Dorothy Draper: Making Entertaining Fun

Entertaining is fun

At the end of Entertaining Is Fun, her 1941 manifesto on party-throwing, famed interior decorator Dorothy Draper said:

"My conviction is that

LOVE that fulfills you,
FRIENDS who delight you,
WORK that intrigues you,
BEAUTY which enchants you,

These are the rocks to build upon for health, success and joy. These are the secret keys to making living fun."

Entertaining is Fun is less a book about glamorous living than a book about embracing life and having fun (defeating the “Will to Be Dreary,” as Mrs. Draper calls it). But her life, with its country estates, many servants, and umpteen dress-up occasions was glamorous nonetheless.

In the book, Mrs. Draper’s mission was to loosen up the stuffy early 20th-century definition of “entertaining.” “The word sounds pompous and effortful,” she opined. “I like better, ‘having your friends to the house.’”

Of course, though she said, “fussy, formal parties are definitely out of style,” much of her advice sounds fussy today. Her primary advice – that the hostess who wants to have a fun party must be fun herself – holds. But in 2012, having your butter pressed into shapes sounds quaint and, yes, fussy.

Much of Mrs. Draper’s other advice, including a very serious recommendation that hostesses provide tons of clean ashtrays and stock “emergency rations” of canned turtle soup (among other things – she loved canned goods), is charmingly old-fashioned.

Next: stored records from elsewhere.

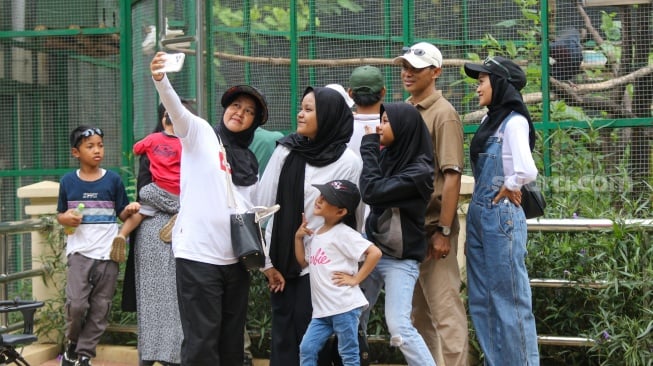 Pengunjung saat berwisata di Taman Margasatwa Ragunan, Jakarta, Selasa (26/12/2023). [Suara.com/Alfian Winanto]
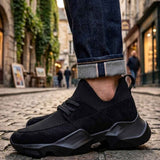 Black lace-up sneakers with textured mesh panels and rubber tread sole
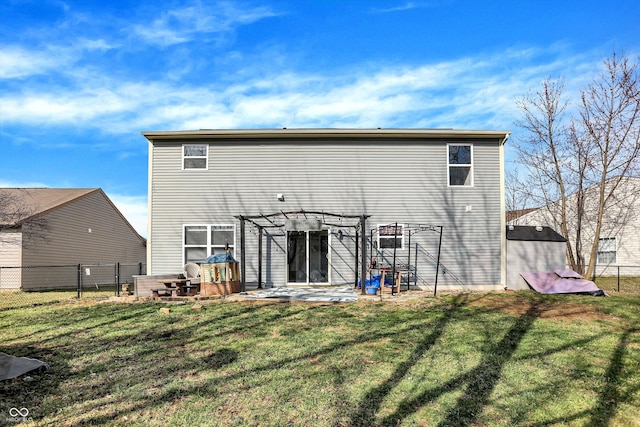 back of house with a patio, a yard, fence, and a pergola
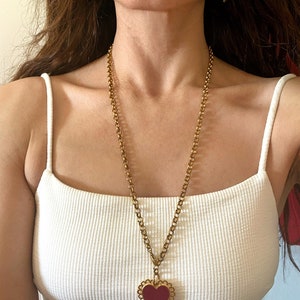 May include: A gold chain necklace with a large red heart pendant. The heart has a scalloped edge and is set in a gold frame. The necklace is worn by a person with long brown hair.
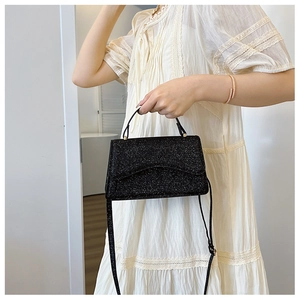 Close-up of black sequined handbag with gold hardware and adjustable strap on a model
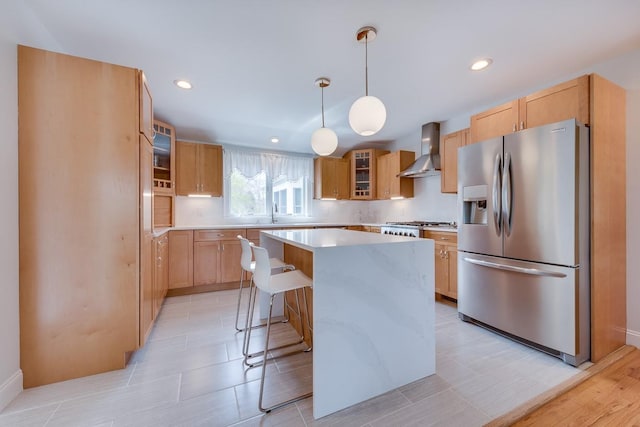 kitchen featuring a kitchen island, a breakfast bar, pendant lighting, stainless steel fridge, and wall chimney range hood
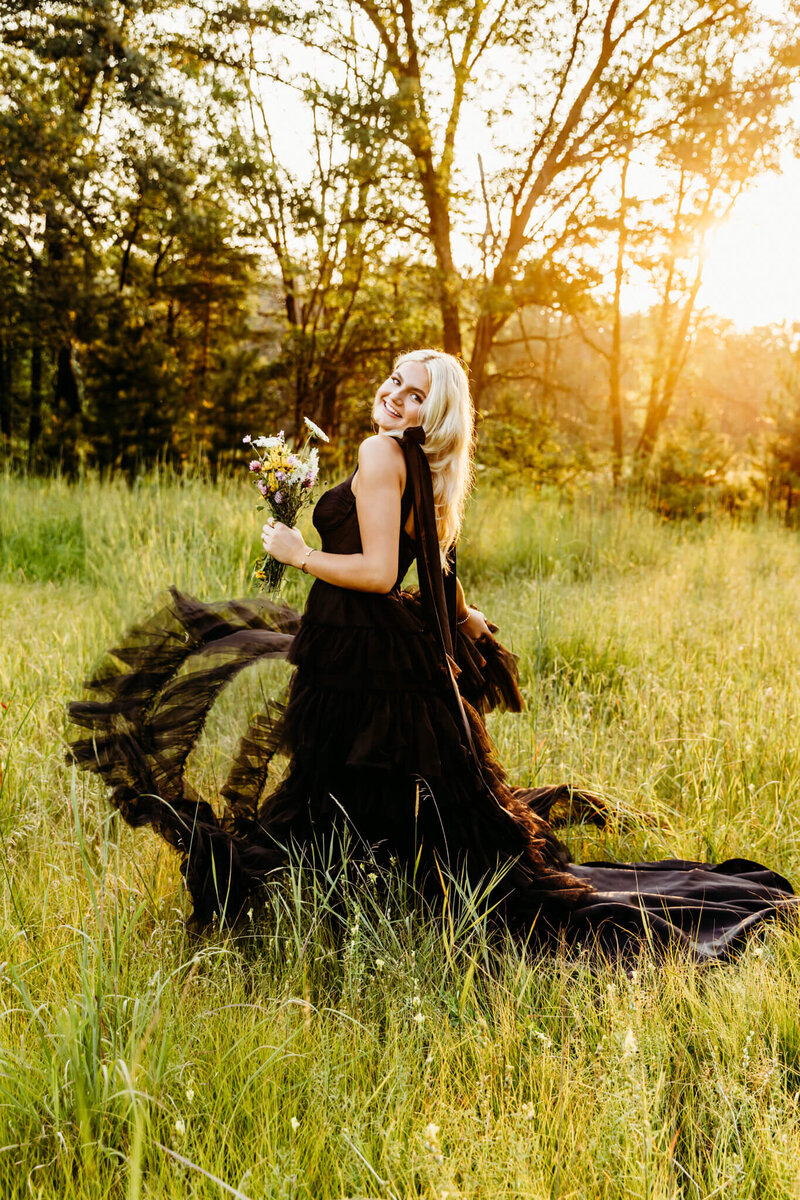 gorgeous teenage girl in black gown playing with her skirt as she holds a flower bouquet in a field near Green Bay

But her message – work hard to make your life fun – is as relevant today as it was in 1941. Mrs. Draper’s spiritual heirs are all over the internet from the video-making Fashionably Bombed sisters to ever-rhyming glamour girl Mrs. Lilien.

Who undoubtedly would agree that Mrs. Draper was the one, who helped the World War II generation make throwing parties fun.